Towards One Health disease surveillance: The Southern African Centre for Infectious Disease Surveillance approach
2012
Karimuribo, Esron D.(Southern African Centre for Infectious Disease Surveillance) | Sayalel, Kuya(Ngorongoro Conservation Area Authority) | Beda, Eric(Southern African Centre for Infectious Disease Surveillance) | Short, Nick(Royal Veterinary College) | Wambura, Philemon(Southern African Centre for Infectious Disease Surveillance) | Mboera, Leonard G.(National Institute for Medical Research) | Kusiluka, Lughano J.M.(The Open University of Tanzania) | Rweyemamu, Mark M.(Southern African Centre for Infectious Disease Surveillance)

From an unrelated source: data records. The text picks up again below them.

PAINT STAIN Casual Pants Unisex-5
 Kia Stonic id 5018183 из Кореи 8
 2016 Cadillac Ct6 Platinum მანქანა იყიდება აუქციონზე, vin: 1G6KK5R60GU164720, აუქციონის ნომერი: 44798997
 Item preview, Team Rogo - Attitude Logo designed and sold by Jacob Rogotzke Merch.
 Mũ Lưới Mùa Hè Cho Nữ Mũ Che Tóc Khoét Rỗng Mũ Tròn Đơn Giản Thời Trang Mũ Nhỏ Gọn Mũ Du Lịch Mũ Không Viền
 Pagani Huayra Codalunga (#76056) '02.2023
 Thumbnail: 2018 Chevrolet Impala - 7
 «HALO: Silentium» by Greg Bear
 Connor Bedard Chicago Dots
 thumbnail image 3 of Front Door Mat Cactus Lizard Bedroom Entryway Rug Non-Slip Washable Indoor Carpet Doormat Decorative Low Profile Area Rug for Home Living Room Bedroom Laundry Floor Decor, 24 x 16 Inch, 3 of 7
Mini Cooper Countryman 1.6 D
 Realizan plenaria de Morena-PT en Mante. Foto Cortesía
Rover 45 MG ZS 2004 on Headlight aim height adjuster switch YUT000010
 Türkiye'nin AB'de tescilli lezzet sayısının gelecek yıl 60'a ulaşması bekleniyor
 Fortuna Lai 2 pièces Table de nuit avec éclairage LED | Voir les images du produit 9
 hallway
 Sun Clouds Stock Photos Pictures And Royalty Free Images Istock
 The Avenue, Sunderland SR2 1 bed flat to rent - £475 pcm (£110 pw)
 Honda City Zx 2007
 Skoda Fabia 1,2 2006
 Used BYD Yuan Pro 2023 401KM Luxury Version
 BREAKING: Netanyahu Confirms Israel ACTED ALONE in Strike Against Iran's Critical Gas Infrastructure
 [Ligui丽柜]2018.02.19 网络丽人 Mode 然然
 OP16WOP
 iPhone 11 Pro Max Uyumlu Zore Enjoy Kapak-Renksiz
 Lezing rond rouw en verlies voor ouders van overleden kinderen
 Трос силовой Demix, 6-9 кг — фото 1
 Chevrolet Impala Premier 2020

Africa has the highest burden of infectious diseases in the world and yet the least capacity for its risk management. It has therefore become increasingly important to search for 'fit-for-purpose' approaches to infectious disease surveillance and thereby targeted disease control. The fact that the majority of human infectious diseases are originally of animal origin means we have to consider One Health (OH) approaches which require inter-sectoral collaboration for custom-made infectious disease surveillance in the endemic settings of Africa. A baseline survey was conducted to assess the current status and performance of human and animal health surveillance systems and subsequently a strategy towards OH surveillance system was developed. The strategy focused on assessing the combination of participatory epidemiological approaches and the deployment of mobile technologies to enhance the effectiveness of disease alerts and surveillance at the point of occurrence, which often lies in remote areas. We selected three study sites, namely the Ngorongoro, Kagera River basin and Zambezi River basin ecosystems. We have piloted and introduced the next-generation Android mobile phones running the EpiCollect application developed by Imperial College to aid geo-spatial and clinical data capture and transmission of this data from the field to the remote Information Technology (IT) servers at the research hubs for storage, analysis, feedback and reporting. We expect that the combination of participatory epidemiology and technology will significantly improve OH disease surveillance in southern Africa.